Caddies

There are various types of caddies in the golfing world. Professional tour caddies to resort caddies. Even the spelling on caddie is used the wrong way many times. Many people spell it “caddy,” but if you look up the definition of that word it’s a small storage container, typically one with divisions. Which is completely different from the definition for caddie it’s a person who carries a golfer’s clubs and provides other assistance during a match. The typical tour caddie is far different then the typical resort caddie. A tour caddie works for the player getting paid but yes so does a resort caddie you are probably asking. The pay scale is much different on tour versus the resort caddie who gets a set fee each round plus tips. And you’re probably wondering how does this connect to golf course design? Many golf course’s were designed not with the intention to use golf carts but use caddies. Having a caddie is very helpful as many people play the course for the first time have no idea where to go and it keeps pace of play up. Some courses around the United States do not golf carts paths. I believe courses without cart paths are much more natural looking, it’s the way courses were suppose to look.

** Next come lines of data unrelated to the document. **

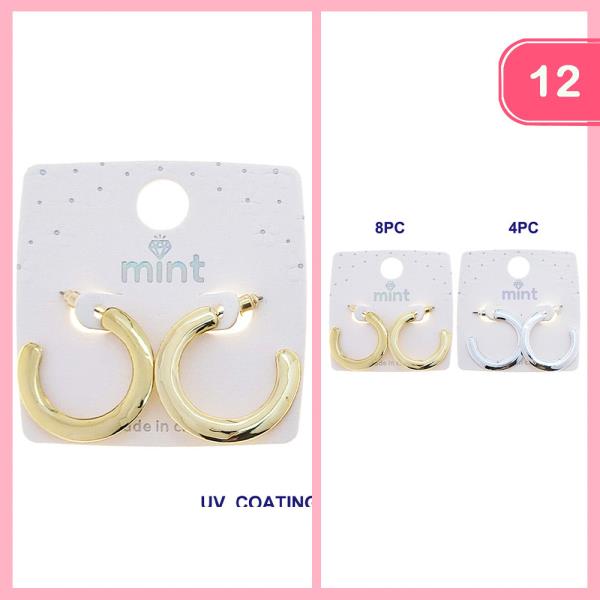 METAL OPEN C HOOP EARRING (12 UNITS)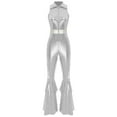 thumbnail image 3 of TiaoBug Women's Shiny Metallic Bell-bottom Jumpsuits 70s Hippie Costume Disco Dance Party Clubwear Silver L, 3 of 5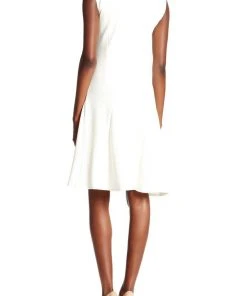 Sharagano - HW4S11GY5 Pleated Jewel A-line Dress Cocktail Dresses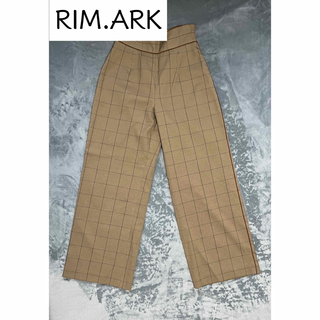 リムアーク(RIM.ARK)の使用感少ない リムアーク ワイドパンツ 毛 ウール チェック 38 M ブラウン(カジュアルパンツ)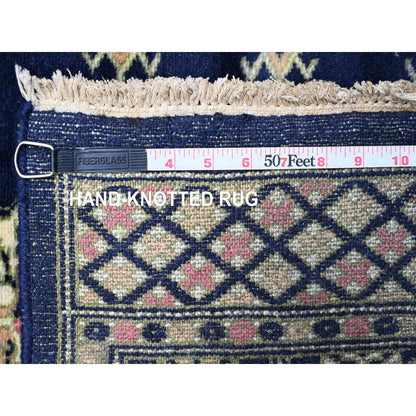2'6"X16'10" Blue Mori Bokara Geometric Motif Wool Hand Knotted Runner Rug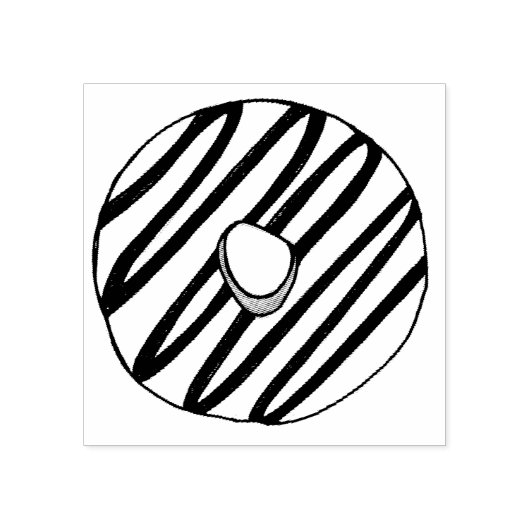 Vanilla Frosted Zebra Stripe Donut Doughnut Stamp Rubberstempel (Afrduk)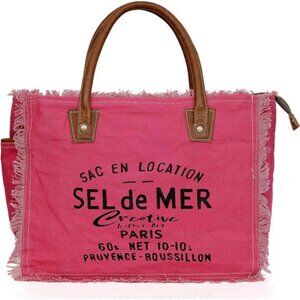 Upcycled Canvas Hand Bag Upcycled Canvas & Cowhide Tote Bag, Upcycled Canvas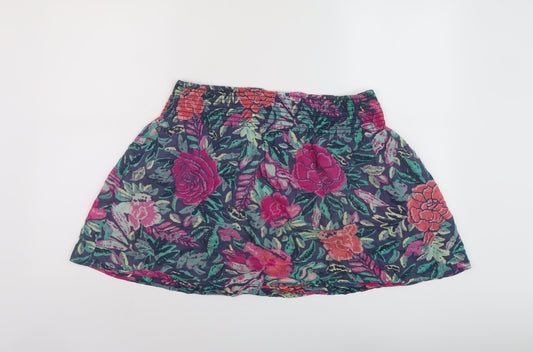 H&M Womens Multicoloured Floral Cotton Skater Skirt Size 10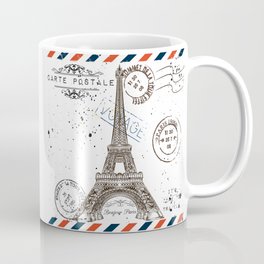 Art hand drawn design with Eifel tower. Old postcard style Coffee Mug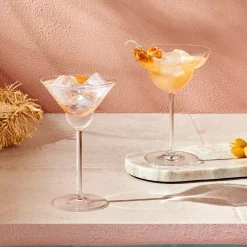 Vintage set de 2 verres à Martini à base arrondie - Nude Glass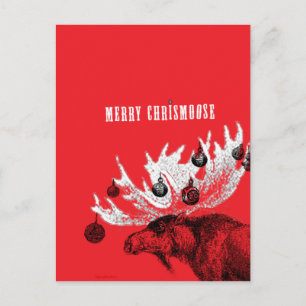 Cartão Postal De Festividades merry chrismoose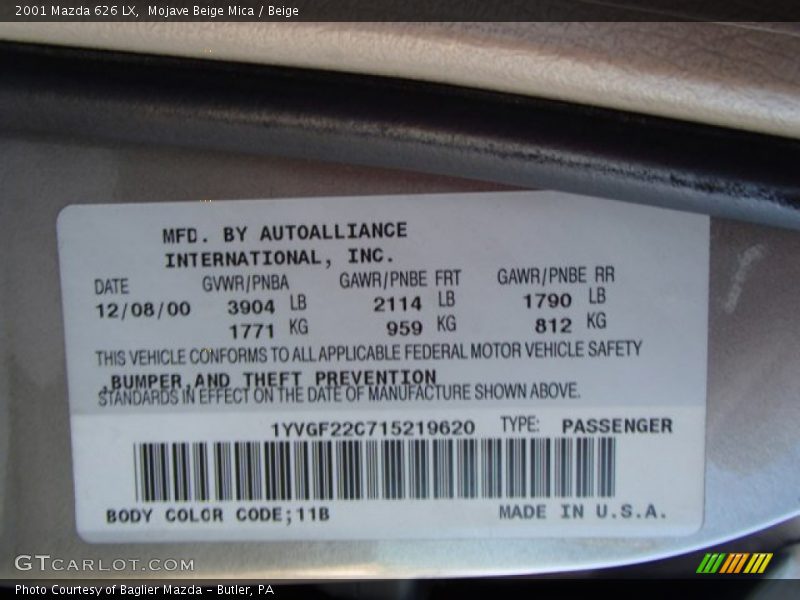 Mojave Beige Mica / Beige 2001 Mazda 626 LX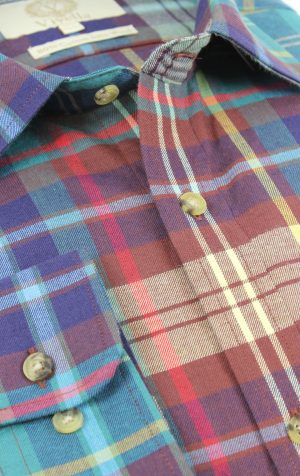 Viyella 80/20 Navy Chocolate Plaid Classic Fit Shirt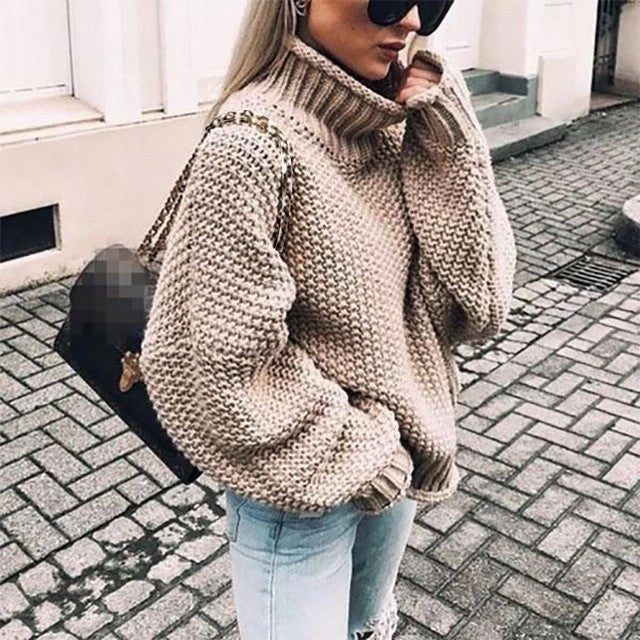 Sonja | Women's Chunky Knit Sweater with Stand Collar and Voluminous Sleeves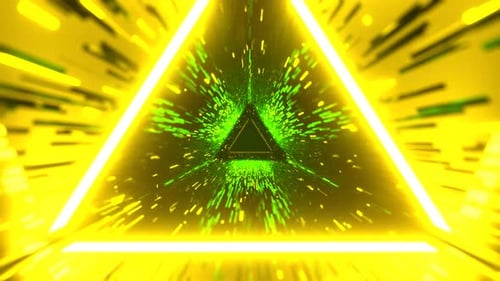 Yellow And Green Beautiful Neon Fantasy Track Background Vj Loop In 4K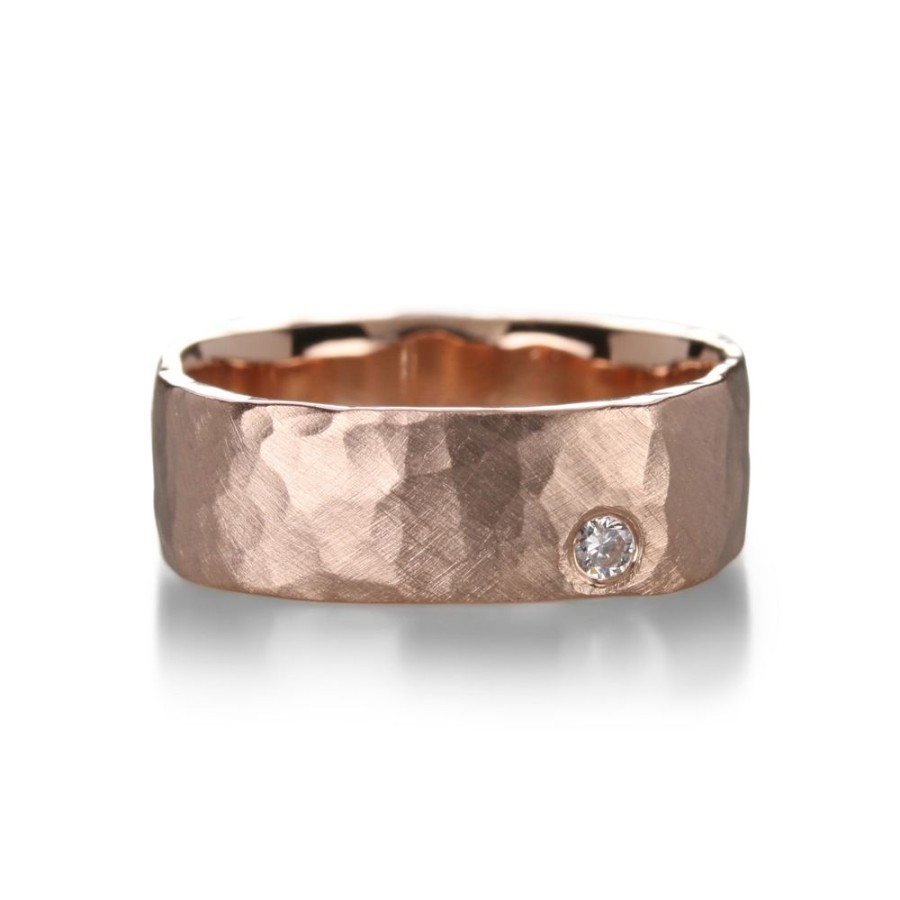 Rings Julez Bryant | Squared Hammered Diamond Band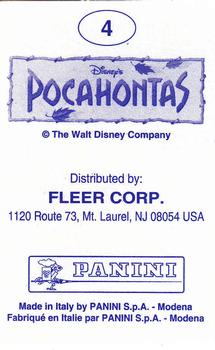 1995 Panini Pocahontas Stickers #4 Pocahontas Sticker Back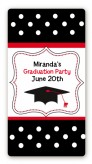 Graduation Cap Black & Red - Custom Rectangle Graduation Party Sticker/Labels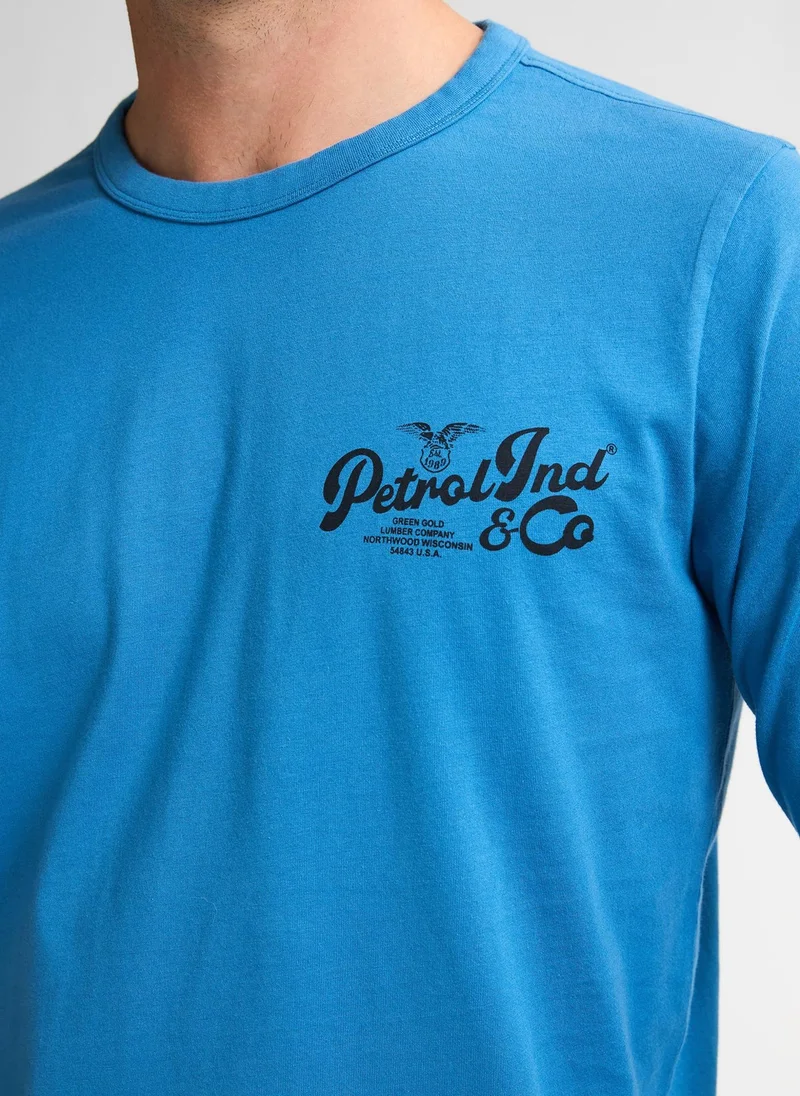 Petrol Industries 5190-Indie Blue Men T-Shirt LS Classic Print for Men | Best Price UAE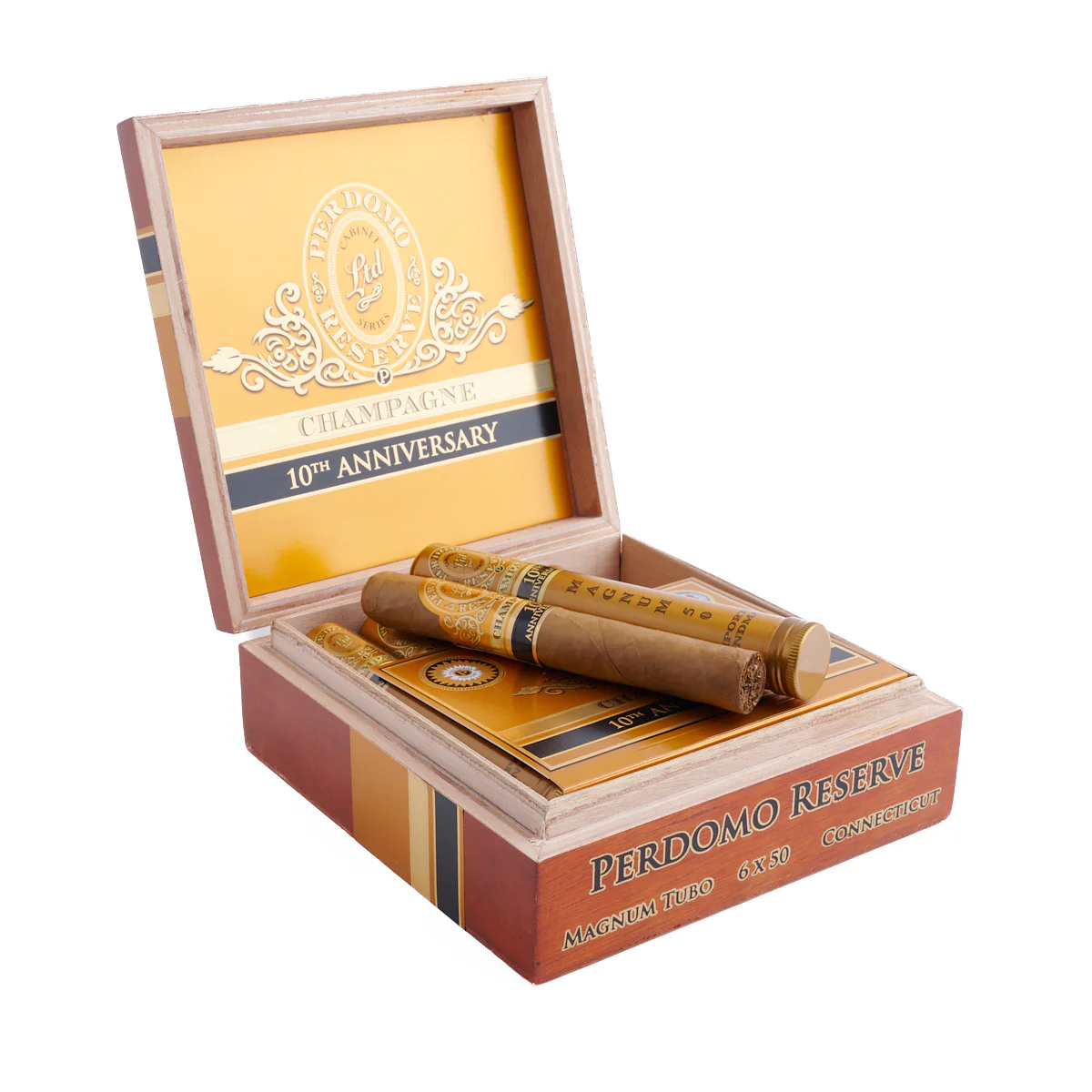 Perdomo 10th Anniversary Champagne Connecticut Magnum Tubo - Image 2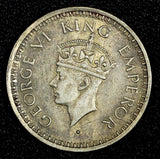 India-British George VI Silver 1945 1/4 Rupee Nice Toned KM# 547 (27 306)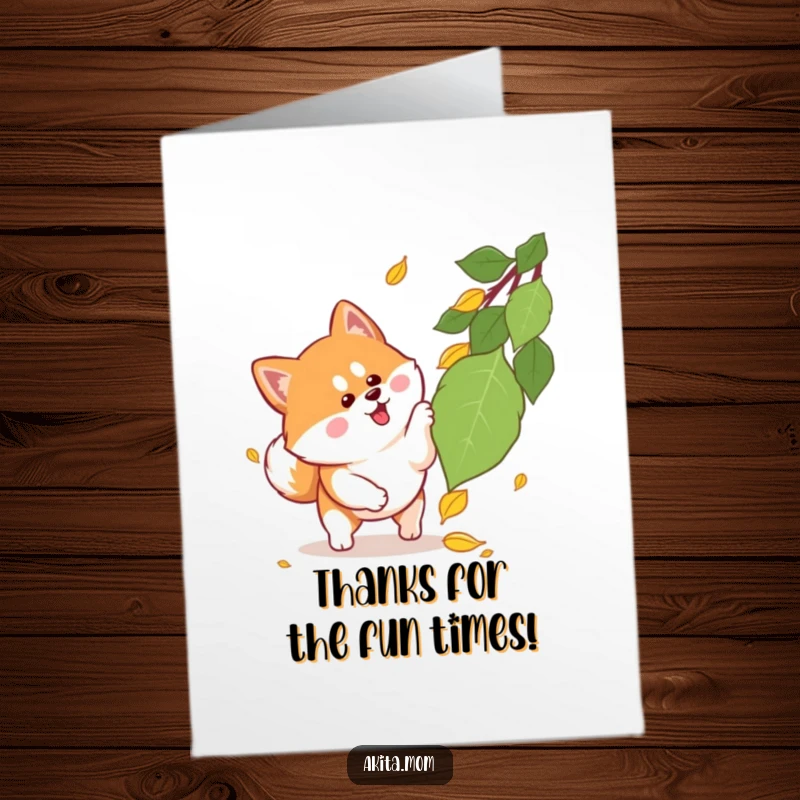 Funny Free Printable Thank You Card: Kawaii Akita with alert ears excitedly pouncing on a falling leaf.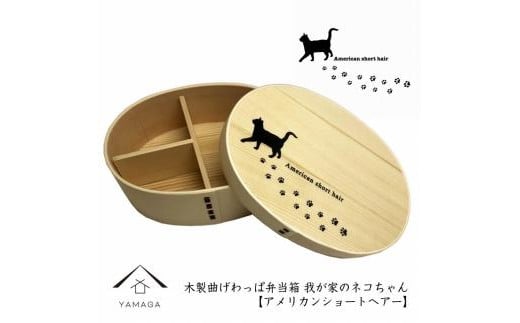 紀州漆器 曲げわっぱ まげわっぱ 弁当箱 【アメリカンショートヘアー】我が家のネコちゃんシリーズ 1509227 - 和歌山県高野町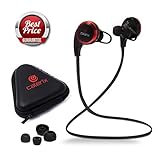 Bluetooth Headphones 4.1 Wireless Calerix, with Sweat Proof, Noise Cancelling Technology - Lightweight Sport In-Ear Earbuds with Built-In Microphone - Connect to iPhone iOS, Android (Black/red)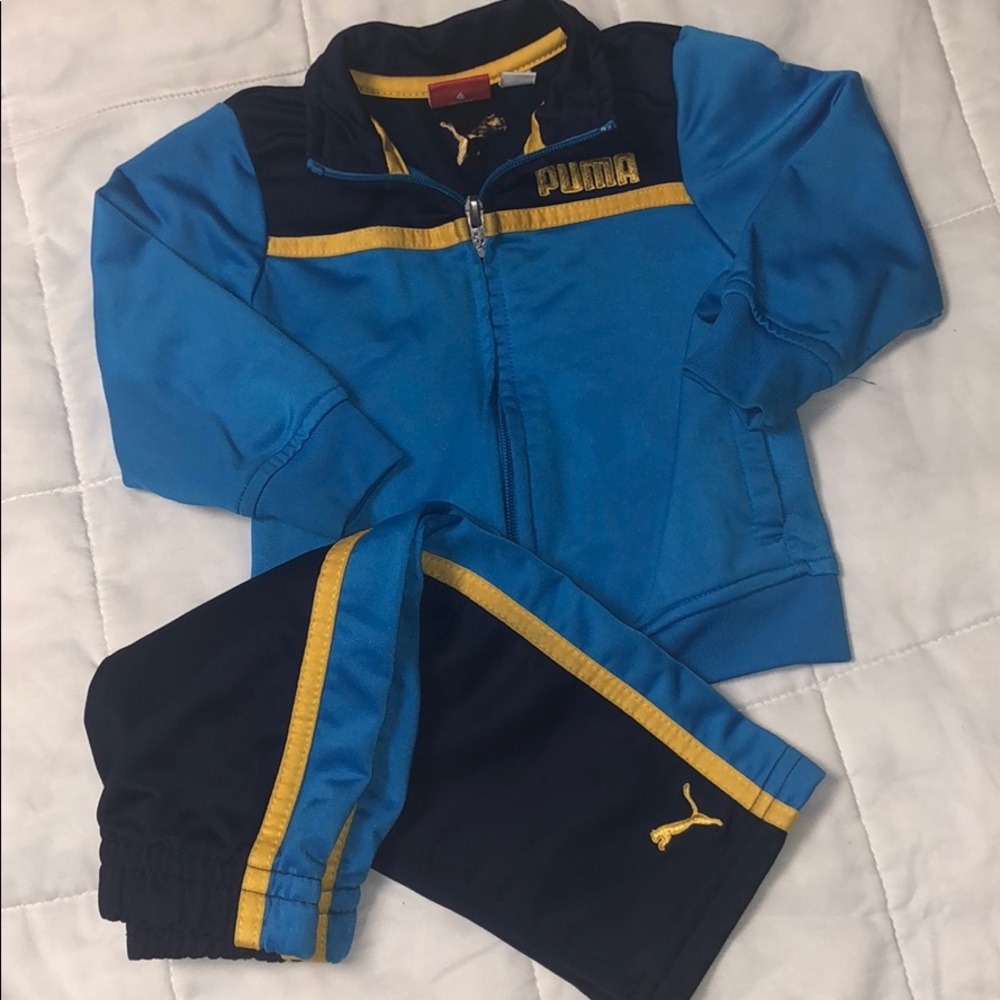 Puma Baby Boy blue Jacket and Pant Set 12 Month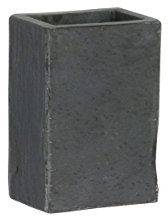 axentia Zahnputzbecher - Zahnbürstenhalter aus Schiefer - Becher für Zahnbürsten in Anthrazit - Badzubehör - Zahnbecher für Bad, Dusche und Gäste-WC, Holz, Anthrazit, 7 x 5 x 11 cm, 1 Einheiten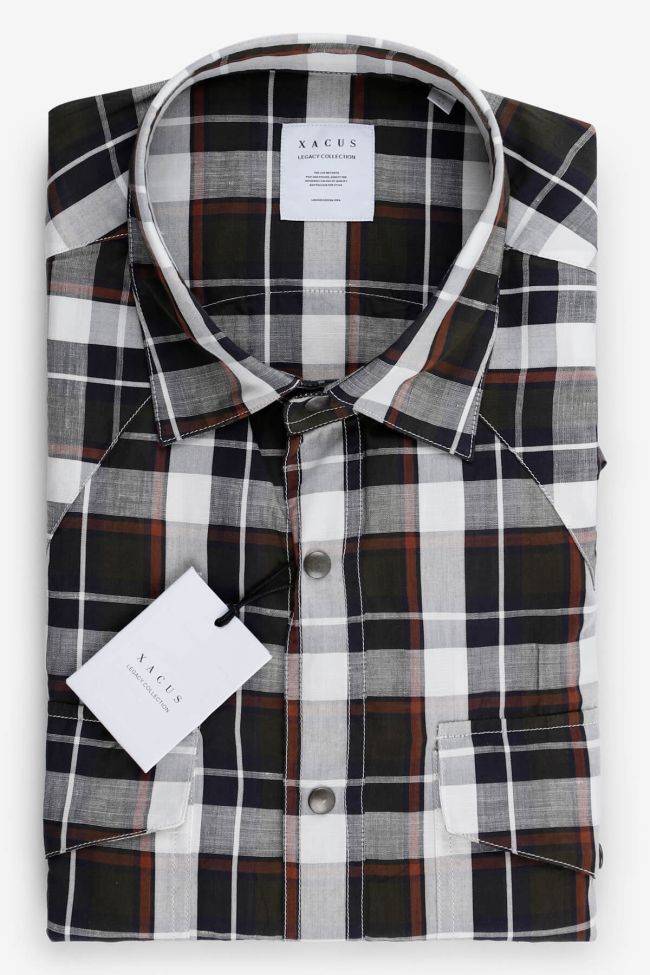 xacus Hemd Herren Xacus Regular Karo 85% Baumwolle 15% Leinen kragen Italienisch Lange Ärmel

A few courses that without paths and require you to take a caddie are San Francisco Golf Club and Cypress Point Golf Club. Having a caddie fulfills the whole golf experience when playing golf courses. 

But many golf resorts arounds the United States have fore-caddying available. Most fore-caddying is practiced when players ride in a golf carts and the caddie rides on the back of the cart. Fore-caddying is most often practiced at resort courses and used when guests prefer not to pay for their own caddie. It’s a much cheaper way to go if you don’t want someone by your side for every shot. The fore-caddy will typically give the players a line off the tee and run down the fairway to spot tee shots making the pace of play stay fast. Once the tee shots are found they will give each player a approximate yardage. The caddie will be there to fill divots and clean the clubs. After the shot lands the caddie will run to the green as the guests ride in the carts, then they will tend the flag stick and read putts. Courses like Pebble Beach and Spyglass Hill use fore-caddying since carts aren’t allowed on the fairways.